Accessibility links

Breaking News

Tehran's Movie Critics


Authorities in Iran have barred Golshifteh Farahani, an Iranian actress, from leaving the country. The twenty-five-year-old film star was reportedly headed to a meeting with Hollywood agents and film directors in Los Angeles when she was stopped by Iranian officials. Ms. Farahani recently appeared in Body of Lies, a new film which has apparently provoked the ire of the Tehran regime.

According Iran's news agency Ms. Farahani failed to obtain the regime's permission to take in part in the film. She is the first Iranian actress to star in a Hollywood movie.

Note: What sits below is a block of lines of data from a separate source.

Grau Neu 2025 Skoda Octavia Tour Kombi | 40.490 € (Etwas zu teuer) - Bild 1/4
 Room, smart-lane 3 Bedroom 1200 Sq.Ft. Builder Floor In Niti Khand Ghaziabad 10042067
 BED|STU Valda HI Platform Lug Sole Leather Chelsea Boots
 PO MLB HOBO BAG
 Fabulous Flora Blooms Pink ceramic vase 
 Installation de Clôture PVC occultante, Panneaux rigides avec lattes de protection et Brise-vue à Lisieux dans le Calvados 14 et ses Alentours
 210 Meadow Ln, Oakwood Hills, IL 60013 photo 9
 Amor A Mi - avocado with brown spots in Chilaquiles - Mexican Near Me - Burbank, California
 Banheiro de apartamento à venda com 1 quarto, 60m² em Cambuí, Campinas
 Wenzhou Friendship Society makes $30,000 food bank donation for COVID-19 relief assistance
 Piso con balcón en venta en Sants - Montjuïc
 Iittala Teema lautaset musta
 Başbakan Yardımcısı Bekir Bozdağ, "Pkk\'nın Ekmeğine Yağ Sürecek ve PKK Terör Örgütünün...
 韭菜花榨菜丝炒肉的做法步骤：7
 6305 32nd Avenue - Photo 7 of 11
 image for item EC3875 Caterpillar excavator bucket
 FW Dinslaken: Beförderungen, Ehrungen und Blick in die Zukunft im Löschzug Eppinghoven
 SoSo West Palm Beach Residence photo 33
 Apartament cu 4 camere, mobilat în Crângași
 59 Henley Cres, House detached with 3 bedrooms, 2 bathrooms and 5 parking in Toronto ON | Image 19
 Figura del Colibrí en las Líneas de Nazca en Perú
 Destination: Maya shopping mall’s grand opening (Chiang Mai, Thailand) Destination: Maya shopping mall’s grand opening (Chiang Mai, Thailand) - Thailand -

Golshifteh Farahani is not the first Iranian film artist to be prevented from traveling abroad by the Iranian regime. On February 27, 2007, authorities arrested French-Iranian filmmaker Mehrnoushe Solouki for "intent to commit propaganda against the regime." Ms. Solouki was researching a film on the burial practices of some of Iran's religious minorities when she discovered a mass grave outside Tehran. The grave reportedly contained the remains of thousands of political prisoners executed by the regime in 1988. In November 2007, she was put on trial. After a month in Evin prison, she was released, but denied permission to leave the country.

In its human rights report on Iran, the U.S. State Department says that during 2007, the Tehran regime "effectively censored domestic films," since it remained the main source of production funding. Producers were required to submit scripts and film proposals to government officials in advance of funding approval."

Following President Ahmadi-Nejad's assumption of office in 2005, the Supreme Cultural Revolution Council announced a ban on movies promoting, in its view, secularism, feminism, unethical behavior, drug abuse, violence, or alcoholism. Films of some domestic directors were not permitted to be shown in the country.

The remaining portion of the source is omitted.